DATA BLOCK:
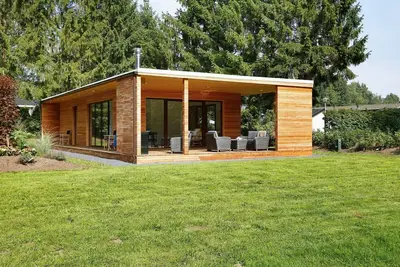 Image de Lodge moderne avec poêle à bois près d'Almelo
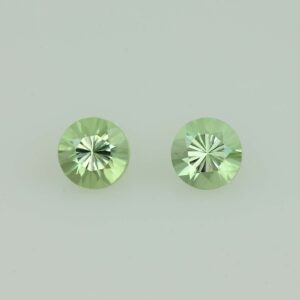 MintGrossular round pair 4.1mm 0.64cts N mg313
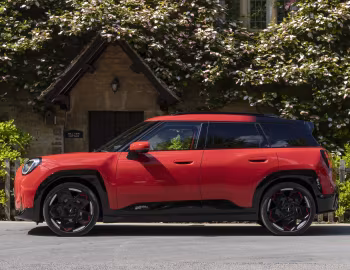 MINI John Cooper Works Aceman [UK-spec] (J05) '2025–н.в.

WHAT YOU ARE ASKED TO DO: Exactly as given, set down each line of the material, but include no pictures.

RESPONSE TO THIS TASK:
 Image de Lodge moderne avec poêle à bois près d'Almelo
 MintGrossular round pair 4.1mm 0.64cts N mg313
 MINI John Cooper Works Aceman [UK-spec] (J05) '2025–н.в.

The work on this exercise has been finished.